As the novel coronavirus continues to impact travel and tourism across the region and in major source markets, the Caribbean Hotel and Tourism Association (CHTA) has said that it will continue to lobby regional governments for a coordinated approach to the implementation of travel regulations.
“We continue to lobby governments, waiting for harmonisation of entry requirements to ease the traveller preparation experience. We know that travel advisories remain very challenging as people move to understand what the protocols and requirements are, as in most instances these change daily.
“In supporting and assisting our travel partners we have developed a grid that summarises the requirements for all our 33-member destinations including links to the specific destination’s website with all the required information,” said acting chief executive officer (CEO) and director general of the CHTA, Vanessa Ledesma, during a Global Trade Associations status of travel and safety webinar held on Wednesday.
She noted that while data continue to indicate that there was high demand for travel to the Caribbean, particularly from major markets such as the United States, factors such as the management of the pandemic in host destinations as well as their respective safety protocols ranked high on the requirement list of travellers.
With early assessments already indicating varying travel trends in region and travellers being more inclined to travel to regions having higher vaccination rates, the CHTA believes the need for a coordinated approach was becoming more essential.

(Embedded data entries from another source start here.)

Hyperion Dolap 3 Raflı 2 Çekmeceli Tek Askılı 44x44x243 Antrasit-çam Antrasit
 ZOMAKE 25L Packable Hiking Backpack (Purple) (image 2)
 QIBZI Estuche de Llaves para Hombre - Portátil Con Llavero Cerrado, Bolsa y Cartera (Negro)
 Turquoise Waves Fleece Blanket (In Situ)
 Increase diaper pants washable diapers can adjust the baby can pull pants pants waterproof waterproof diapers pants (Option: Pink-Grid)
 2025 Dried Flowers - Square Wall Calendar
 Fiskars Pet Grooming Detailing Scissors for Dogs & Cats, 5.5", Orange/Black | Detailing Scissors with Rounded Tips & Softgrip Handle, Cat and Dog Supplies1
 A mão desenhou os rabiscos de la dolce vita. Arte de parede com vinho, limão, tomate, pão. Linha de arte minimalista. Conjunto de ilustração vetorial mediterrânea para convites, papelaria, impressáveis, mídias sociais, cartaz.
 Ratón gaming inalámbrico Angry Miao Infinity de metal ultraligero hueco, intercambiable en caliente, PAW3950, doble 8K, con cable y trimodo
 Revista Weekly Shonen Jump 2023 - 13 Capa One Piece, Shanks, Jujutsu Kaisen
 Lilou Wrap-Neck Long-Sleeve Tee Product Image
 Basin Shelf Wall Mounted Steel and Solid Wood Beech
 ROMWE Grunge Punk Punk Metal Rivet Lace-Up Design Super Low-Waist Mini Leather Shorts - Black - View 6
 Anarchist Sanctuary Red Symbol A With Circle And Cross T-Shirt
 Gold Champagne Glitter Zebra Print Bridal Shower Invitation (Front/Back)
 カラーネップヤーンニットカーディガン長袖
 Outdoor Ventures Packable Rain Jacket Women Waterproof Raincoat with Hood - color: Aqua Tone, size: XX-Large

She said with tourism being a major economic driver in the Caribbean, the drastic fall-outs suffered from the pandemic must be properly navigated and done in a collaborative way if the sector is to secure robust recovery, following its near decade of unprecedented growth.
Ledesma underscored that with Caribbean tourism having already taken a massive beating since the onset of the pandemic last year, suffering a 58 per cent decline in gross domestic product contributions and over 700,000 jobs lost, a full recovery of the sector will require high levels of adaptability, flexibility and collaboration across all member countries.
She credited the trade association’s unique health-and-tourism partnership with the Caribbean Public Health Agency (CARPHA) and the Caribbean Tourism Organization (CTO) as being instrumental in promoting effective health safety prevention and mitigation efforts which she believes have helped to place the region among one of those with the lowest number of deaths and infections when compared globally.
Expressing optimism for growth of the industry despite the challenges, Ledesma, however, pointed to encouraging statistics which she suggested as an indication that the region’s bread and butter was poised for a strong come back.
“Moving forward, the Caribbean’s recovery strategies and actions will continue to include: advancing health safety initiatives, building trade and traveller confidence, advancing better tour operator policies, advancing regional collaboration to support tourism’s recovery, making the case for travel with key international markets, and advocating for jurisdictional and regional policies supporting recovery,” she said, adding that increased governmental support, effective communications and public relations, a strong focus on health and safety, investments in the region’s human resources, partnership and collaboration and improved efficiencies were all needed to support recovery of the lucrative industry.